** MATERIAL TO PROCESS follows **

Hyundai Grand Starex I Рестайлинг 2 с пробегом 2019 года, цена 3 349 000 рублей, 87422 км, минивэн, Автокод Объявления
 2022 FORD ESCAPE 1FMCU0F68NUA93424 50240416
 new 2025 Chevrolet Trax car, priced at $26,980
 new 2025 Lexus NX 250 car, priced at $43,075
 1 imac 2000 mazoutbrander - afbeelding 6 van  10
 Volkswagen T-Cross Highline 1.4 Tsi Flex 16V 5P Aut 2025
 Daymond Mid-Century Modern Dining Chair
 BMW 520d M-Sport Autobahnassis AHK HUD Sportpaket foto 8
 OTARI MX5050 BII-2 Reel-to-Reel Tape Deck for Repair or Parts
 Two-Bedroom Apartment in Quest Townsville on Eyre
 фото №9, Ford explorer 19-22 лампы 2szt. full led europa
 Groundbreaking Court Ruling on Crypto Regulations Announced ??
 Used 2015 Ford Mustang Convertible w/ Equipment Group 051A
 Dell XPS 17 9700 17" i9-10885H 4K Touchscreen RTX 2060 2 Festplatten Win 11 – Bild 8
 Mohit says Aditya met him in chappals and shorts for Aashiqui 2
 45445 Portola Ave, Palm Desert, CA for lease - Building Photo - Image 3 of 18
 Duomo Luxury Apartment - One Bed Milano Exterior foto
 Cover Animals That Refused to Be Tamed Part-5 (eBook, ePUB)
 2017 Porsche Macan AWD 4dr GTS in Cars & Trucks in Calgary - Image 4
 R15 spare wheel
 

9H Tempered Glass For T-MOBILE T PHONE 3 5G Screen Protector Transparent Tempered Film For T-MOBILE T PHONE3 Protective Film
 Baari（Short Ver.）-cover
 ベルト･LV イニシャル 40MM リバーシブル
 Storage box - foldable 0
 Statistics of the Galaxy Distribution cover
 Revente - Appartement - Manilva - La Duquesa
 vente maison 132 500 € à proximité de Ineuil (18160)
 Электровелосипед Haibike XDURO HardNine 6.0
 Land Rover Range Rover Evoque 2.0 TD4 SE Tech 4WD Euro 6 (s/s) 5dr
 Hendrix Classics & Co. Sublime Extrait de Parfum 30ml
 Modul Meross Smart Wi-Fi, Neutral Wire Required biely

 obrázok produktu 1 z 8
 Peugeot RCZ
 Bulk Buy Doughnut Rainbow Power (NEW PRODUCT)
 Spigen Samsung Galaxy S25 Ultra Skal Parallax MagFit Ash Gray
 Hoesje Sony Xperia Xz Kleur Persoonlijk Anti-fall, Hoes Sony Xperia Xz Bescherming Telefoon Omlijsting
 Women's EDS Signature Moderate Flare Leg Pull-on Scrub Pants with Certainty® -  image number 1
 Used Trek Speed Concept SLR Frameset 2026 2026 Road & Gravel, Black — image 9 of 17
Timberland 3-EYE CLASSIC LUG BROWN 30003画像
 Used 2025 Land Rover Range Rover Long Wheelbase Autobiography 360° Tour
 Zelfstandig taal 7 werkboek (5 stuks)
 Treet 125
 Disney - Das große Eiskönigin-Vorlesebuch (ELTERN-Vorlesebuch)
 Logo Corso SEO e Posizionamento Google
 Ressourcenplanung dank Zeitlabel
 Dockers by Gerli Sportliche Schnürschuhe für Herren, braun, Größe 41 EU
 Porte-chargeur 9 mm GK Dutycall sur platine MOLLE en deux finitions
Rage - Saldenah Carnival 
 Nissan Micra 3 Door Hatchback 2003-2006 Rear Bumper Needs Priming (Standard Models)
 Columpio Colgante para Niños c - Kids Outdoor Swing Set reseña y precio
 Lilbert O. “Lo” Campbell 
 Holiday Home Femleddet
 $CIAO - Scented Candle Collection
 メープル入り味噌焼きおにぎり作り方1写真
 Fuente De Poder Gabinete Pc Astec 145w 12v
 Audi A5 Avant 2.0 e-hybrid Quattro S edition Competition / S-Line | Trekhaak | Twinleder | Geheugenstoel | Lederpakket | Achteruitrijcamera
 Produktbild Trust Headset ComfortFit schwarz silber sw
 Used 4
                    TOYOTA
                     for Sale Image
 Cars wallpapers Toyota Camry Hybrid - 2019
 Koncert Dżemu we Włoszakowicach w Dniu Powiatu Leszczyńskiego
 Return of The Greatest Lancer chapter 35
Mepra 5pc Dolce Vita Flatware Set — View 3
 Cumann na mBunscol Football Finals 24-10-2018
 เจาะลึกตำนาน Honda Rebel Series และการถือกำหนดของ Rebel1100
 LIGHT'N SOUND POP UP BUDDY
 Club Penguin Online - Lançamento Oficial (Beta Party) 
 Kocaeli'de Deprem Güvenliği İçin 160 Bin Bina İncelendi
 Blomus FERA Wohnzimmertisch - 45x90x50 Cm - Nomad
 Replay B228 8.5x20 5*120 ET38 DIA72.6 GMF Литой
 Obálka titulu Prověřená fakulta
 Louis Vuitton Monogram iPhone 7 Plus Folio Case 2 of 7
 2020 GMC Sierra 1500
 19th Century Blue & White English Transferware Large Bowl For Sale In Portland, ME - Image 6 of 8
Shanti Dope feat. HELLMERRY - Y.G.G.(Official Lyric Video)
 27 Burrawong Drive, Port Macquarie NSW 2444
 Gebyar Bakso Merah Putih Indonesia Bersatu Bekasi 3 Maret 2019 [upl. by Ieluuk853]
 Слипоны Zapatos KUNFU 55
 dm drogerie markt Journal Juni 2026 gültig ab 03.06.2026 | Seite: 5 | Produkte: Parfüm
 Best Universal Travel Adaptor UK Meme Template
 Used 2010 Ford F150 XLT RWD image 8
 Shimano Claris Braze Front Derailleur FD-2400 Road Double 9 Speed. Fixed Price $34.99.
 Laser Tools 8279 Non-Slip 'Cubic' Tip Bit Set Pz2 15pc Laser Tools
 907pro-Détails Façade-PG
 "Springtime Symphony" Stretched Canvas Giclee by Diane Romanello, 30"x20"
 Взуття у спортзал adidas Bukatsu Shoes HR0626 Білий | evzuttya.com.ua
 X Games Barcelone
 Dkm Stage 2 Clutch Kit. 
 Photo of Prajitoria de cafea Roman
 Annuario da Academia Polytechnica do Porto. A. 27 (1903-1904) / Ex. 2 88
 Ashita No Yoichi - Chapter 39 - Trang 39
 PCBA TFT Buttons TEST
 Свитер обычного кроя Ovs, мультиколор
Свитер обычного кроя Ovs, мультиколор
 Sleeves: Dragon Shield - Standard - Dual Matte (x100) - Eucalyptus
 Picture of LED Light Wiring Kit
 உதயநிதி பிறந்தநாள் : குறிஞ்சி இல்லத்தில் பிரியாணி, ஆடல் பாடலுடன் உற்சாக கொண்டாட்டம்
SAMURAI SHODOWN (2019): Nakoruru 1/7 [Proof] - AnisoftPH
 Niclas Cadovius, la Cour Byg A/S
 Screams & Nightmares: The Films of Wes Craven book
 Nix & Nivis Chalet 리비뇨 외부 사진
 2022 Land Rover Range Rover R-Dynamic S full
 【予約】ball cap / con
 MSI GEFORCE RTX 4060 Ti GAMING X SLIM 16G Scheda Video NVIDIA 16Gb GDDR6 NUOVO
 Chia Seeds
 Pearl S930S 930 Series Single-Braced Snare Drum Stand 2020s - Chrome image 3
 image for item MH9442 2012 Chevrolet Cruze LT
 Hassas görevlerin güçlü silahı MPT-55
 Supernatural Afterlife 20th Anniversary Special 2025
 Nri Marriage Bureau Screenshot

** End of MATERIAL TO PROCESS **

▶ ABOUT THIS TASK: Pull every line containing the word "Galaxy" out of the material.

▶ YOUR SOLUTION:
 Statistics of the Galaxy Distribution cover
 Spigen Samsung Galaxy S25 Ultra Skal Parallax MagFit Ash Gray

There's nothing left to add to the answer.